Solar Hot Water Heaters: What Size Do You Need? Solar Hot Water Heaters: What Size Do You Need?
Installing a solar hot water heater has gained considerable popularity over the last decade. The main reason why is the potential energy savings a homeowner can enjoy. The use of such hot water heater can save a household up to 25 percent on a monthly electricity bill. It may take a few years to get a return on investment but it is well worth it, not only for the long-run savings but also for the immediate environmental benefits.
How Solar Hot Water Heaters Works
Using solar energy is an easy way to heat an entire household water supply. A glass collector has to be installed on the south side of the roof. It has to be positioned in a way to get as much sun as possible without any obstructions such as trees or shade from other nearby buildings.
A typical type of collector may consist of a ray of copper pipes surrounded by an absorbing plate in an insulated box. The box is covered by glass. The collectors are connected to a storage tank which holds preheated water.
The sun shines through the glass and heats up the plate, usually a copper plate, which is laminated to a heat transfer tubing that carry the liquid to a heat exchanger such as a water tank. Then that stored heat is used to warm the water inside in the tank.
This system can be integrated in a house using the existent water heating tank. Sometimes an additional water tank is needed to store as much preheated water as possible.
How to Determine the Size Needed
To size the system to be installed most solar hot water heater specialists first look at how many people are living in a household. The rule of thumb is to figure 20 square feet of collectors for every two people living under the roof.

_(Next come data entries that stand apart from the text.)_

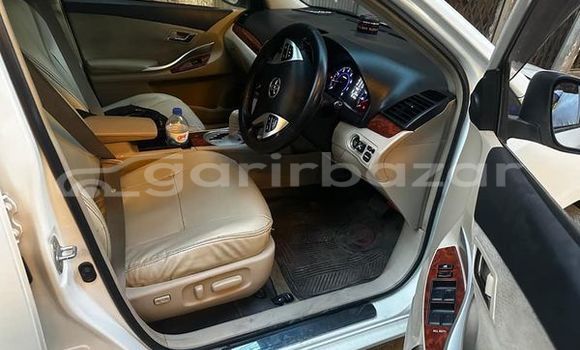 কেনা ব্যবহৃত Toyota F premio Other গাড়ী মধ্যে ঢাকা মধ্যে Dhaka কেনা ব্যবহৃত Toyota F premio Other গাড়ী মধ্যে ঢাকা মধ্যে Dhaka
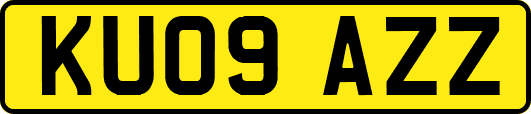 KU09AZZ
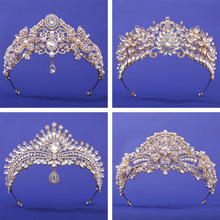 ����ʹښWʽ��cˮ���l� ���N�������������A�Y��Y������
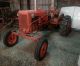 Allis Chalmers Ca Tractors photo 1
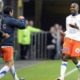 camara souleymane | AllezPaillade.com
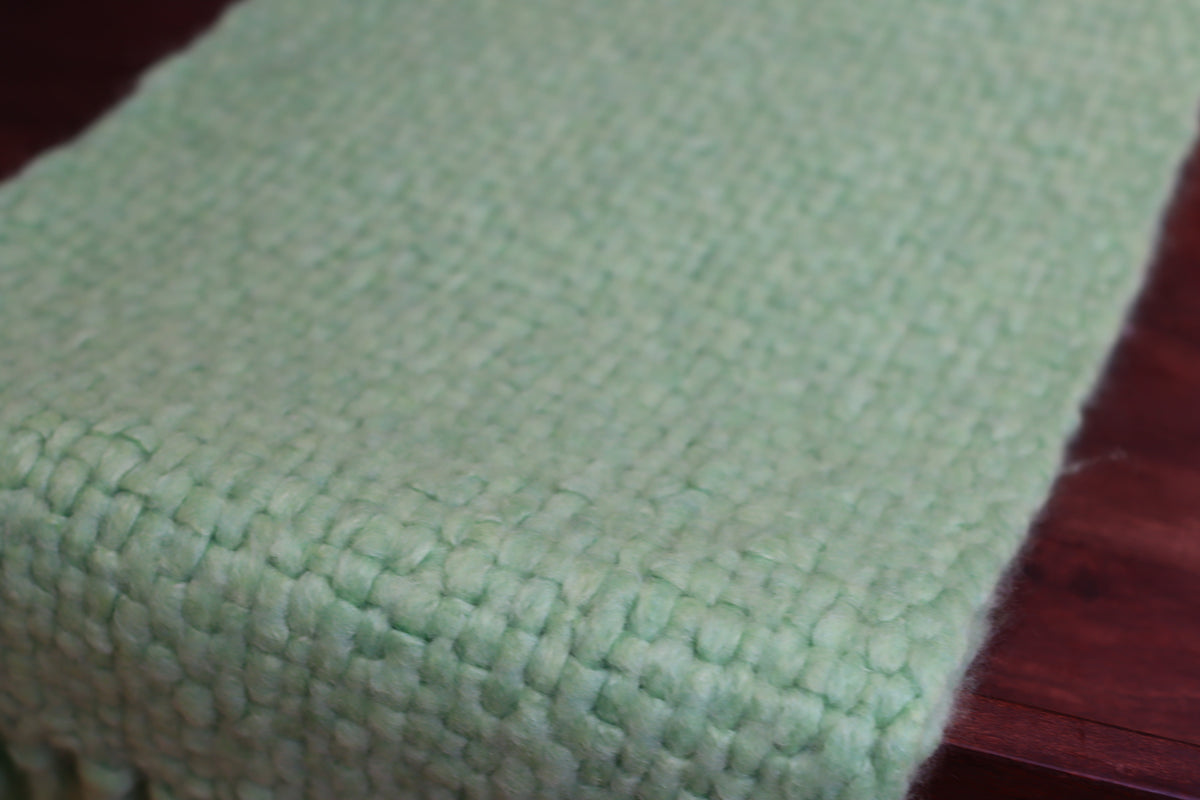 Ella Silla - Cashmere Schal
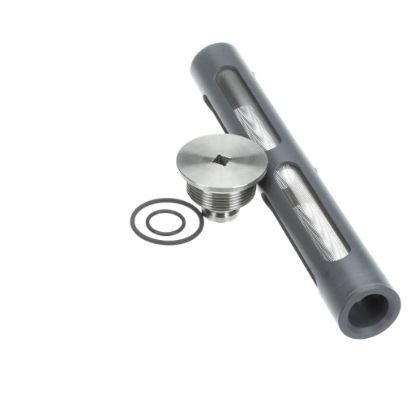 Picture of Antunes 7001818 Clean Cartridge & Cap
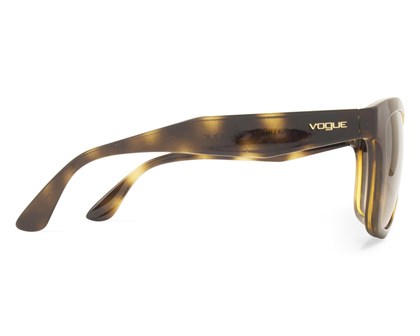 Óculos de Sol Vogue Astral VO5019SL W65613-55
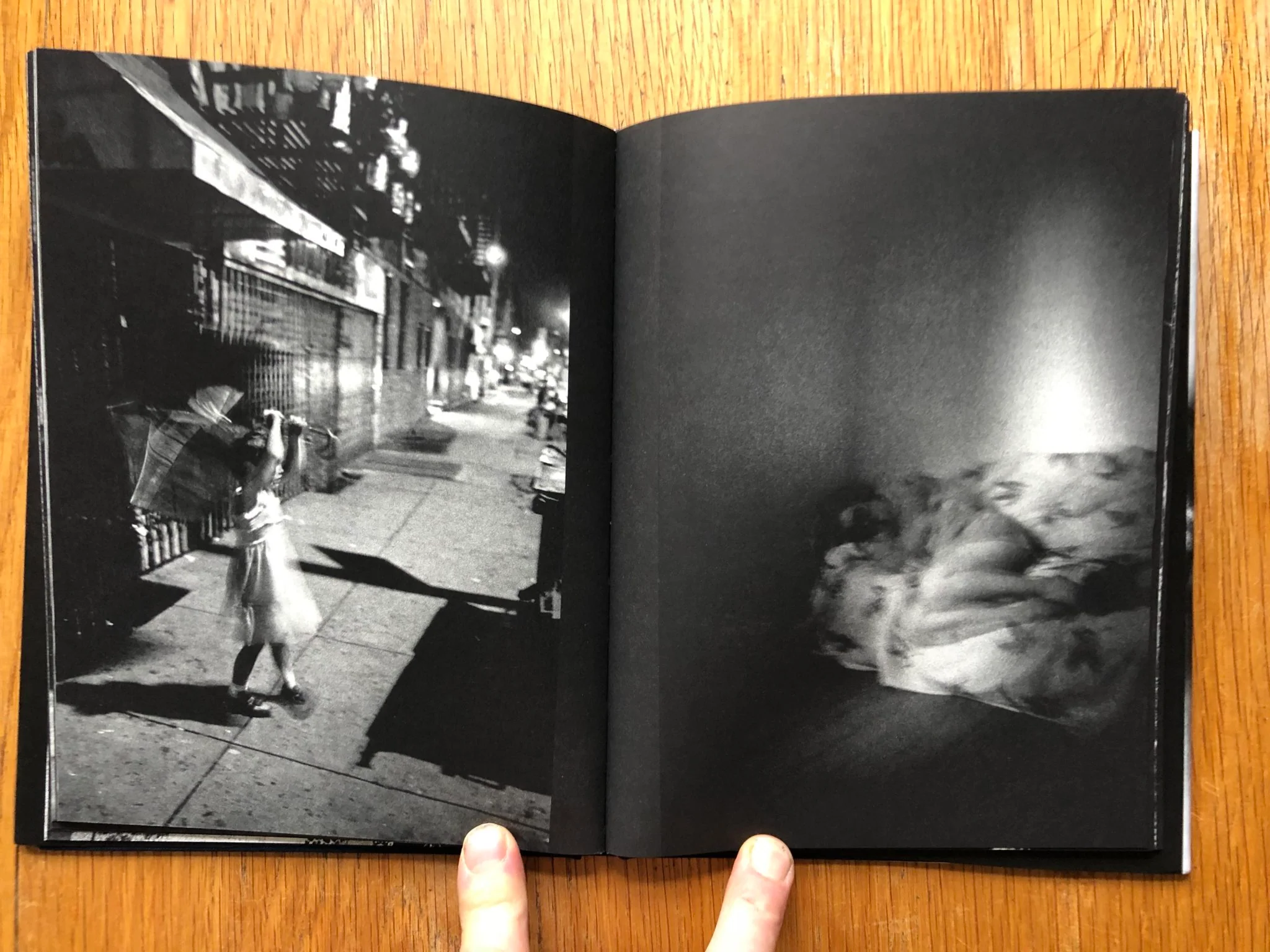 Invisible City - Image 6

An additional 8 square feet is added for every additional person if the house is located in a sunny climate. If the house is located in a colder, less sunny climate such as Northern United States or Canada, an additional 12 to 14 square feet should be added for every extra person in the household.
Sizing the Storage Tank
The goal is to have a system that meet 90 to 100 percent of the hot water demands in the summer months. For a small family of three people, a small 50- to 60-gallon tank is usually big enough. For a household of three to four people, a medium size tank of 80 gallons is needed to meet the demand. Bigger tanks have to be used for households with more than four people.
Sometimes when the demand for hot water is low, the system can be prone to overheating. The formula to prevent this to happen is 1.5 gallons of storage for every square foot of collector. It is recommended in very sunny areas to increase the formula to 2 gallons of storage per foot of collector.